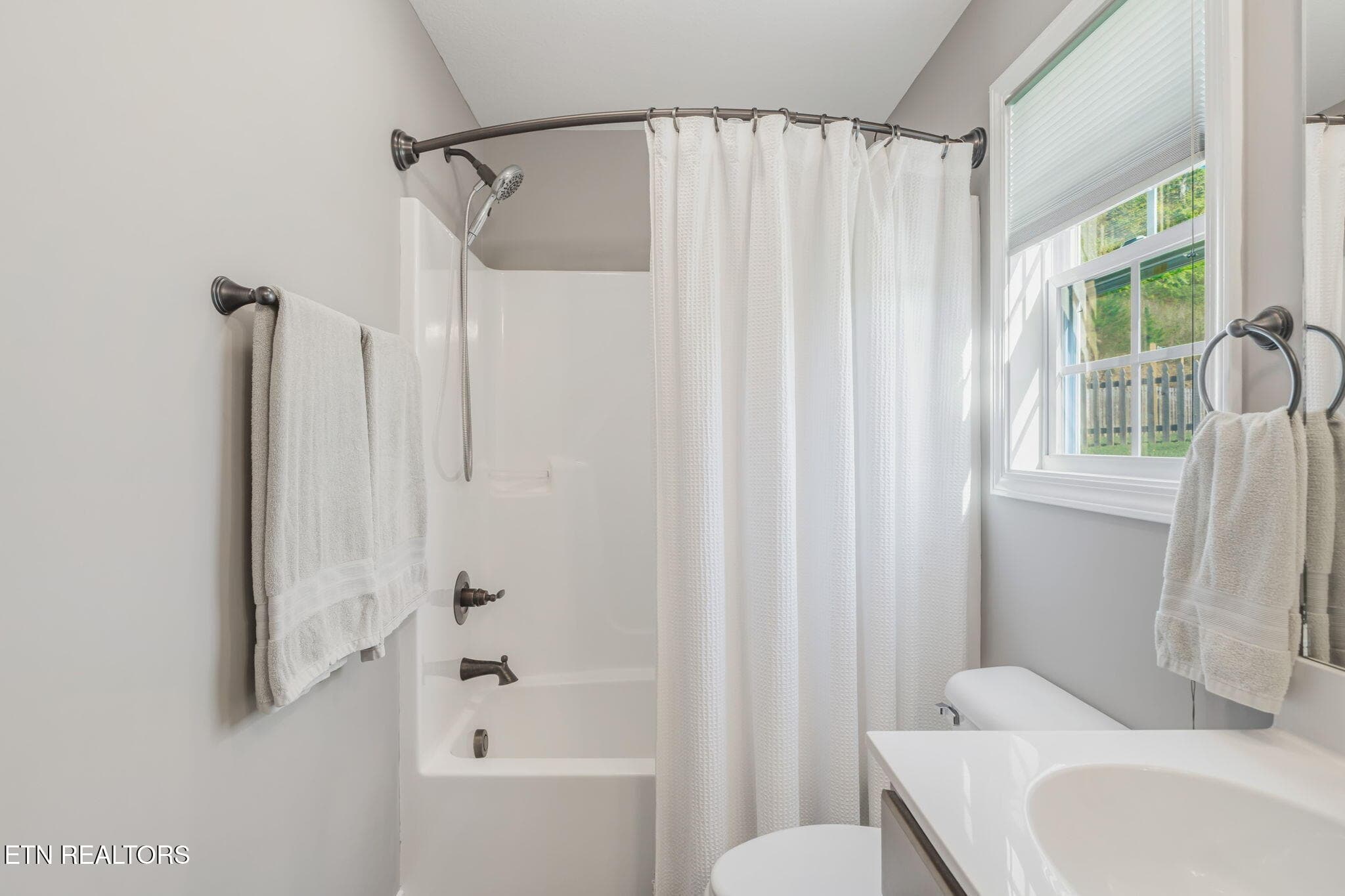 Primary En Suite - 5519 Berkley Landing Lane, Knoxville, TN 37918, Knoxville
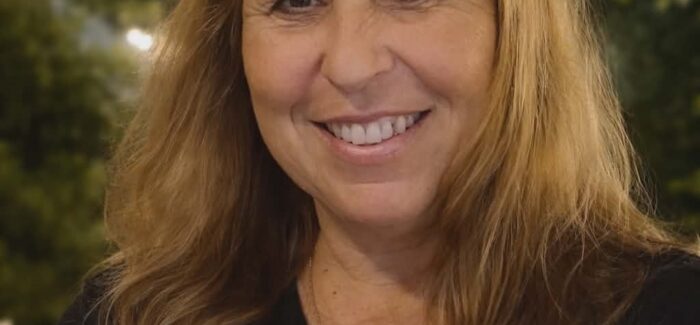 Ευχαριστήριο για τη συμπαράσταση στην απώλεια της μητέρας μας Μέμης Κόμητα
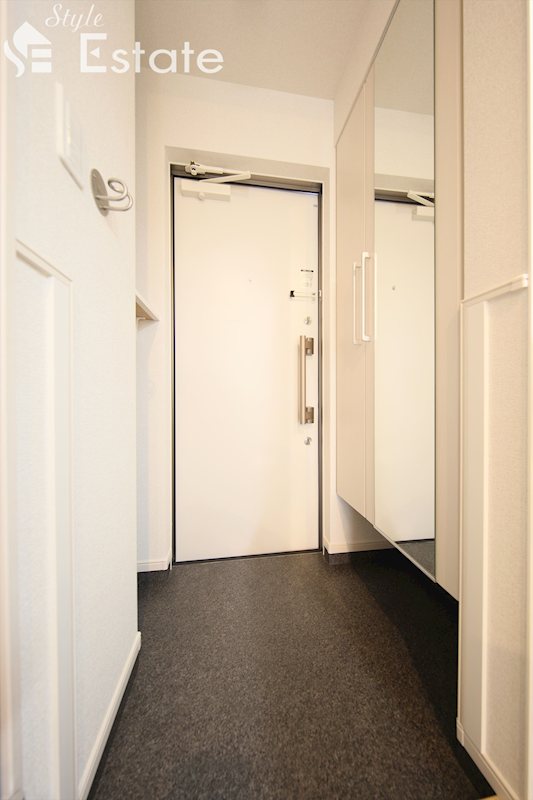 玄関　同仕様内装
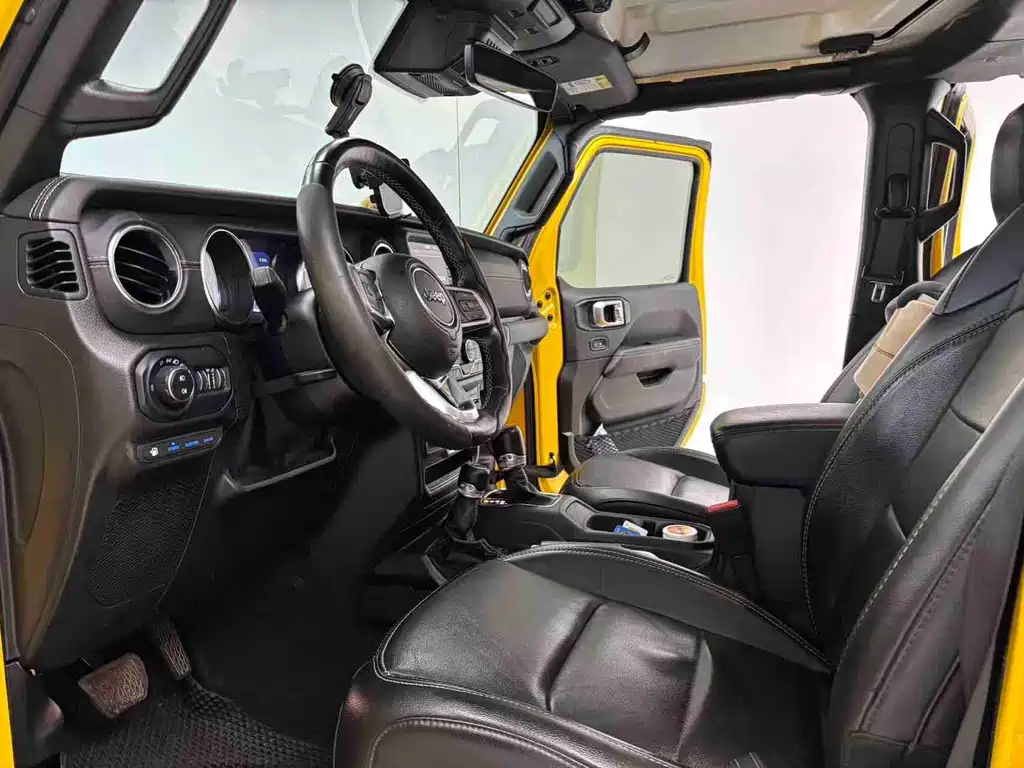 Wrangler NEV 4-door 2.0 T 4 xe Sahara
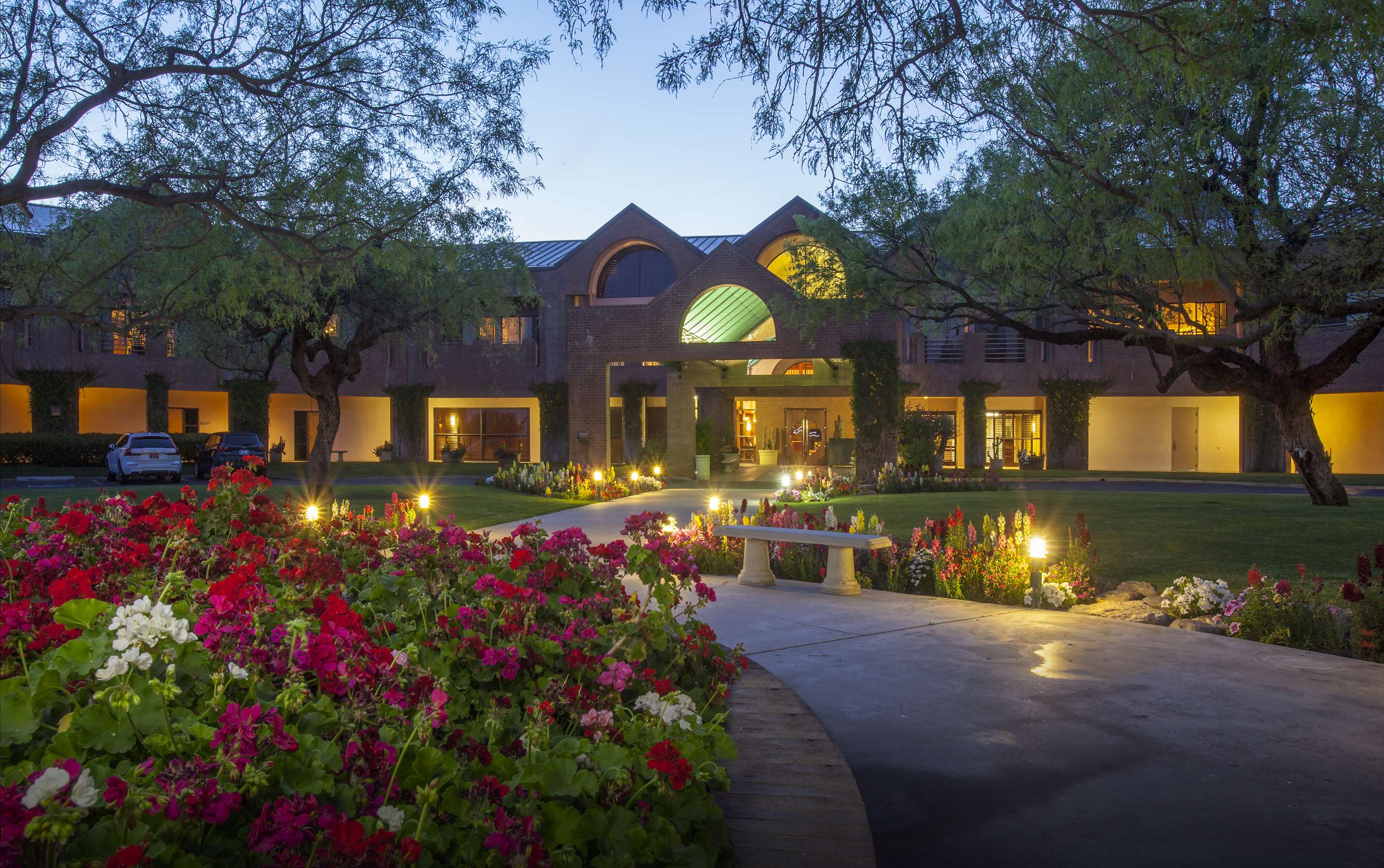 Front Entrance | The Lodge at Ventana Canyon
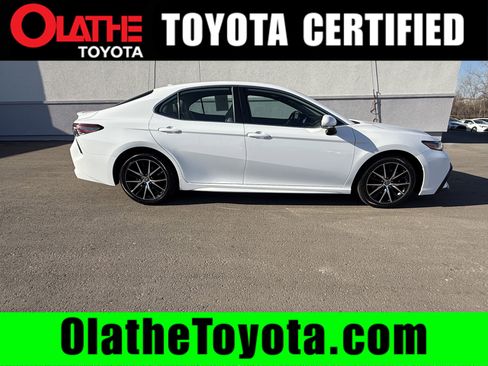 Used 2023 Toyota Camry SE image 1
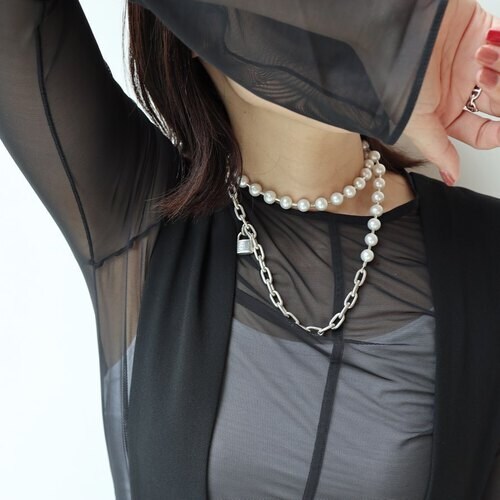 ティファニーのネックレスを身に着けた女性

→ **TASK STATEMENT**:
Recreate the listing above word for word, dropping each picture it contains.

→ **SOLVED PROBLEM**:
 Primary En Suite - 5519 Berkley Landing Lane, Knoxville, TN 37918, Knoxville
 Ευχαριστήριο για τη συμπαράσταση στην απώλεια της μητέρας μας Μέμης Κόμητα
 玄関　同仕様内装
 Wrangler NEV 4-door 2.0 T 4 xe Sahara
 Front Entrance | The Lodge at Ventana Canyon
 Used 2023 Toyota Camry SE image 1
 ティファニーのネックレスを身に着けた女性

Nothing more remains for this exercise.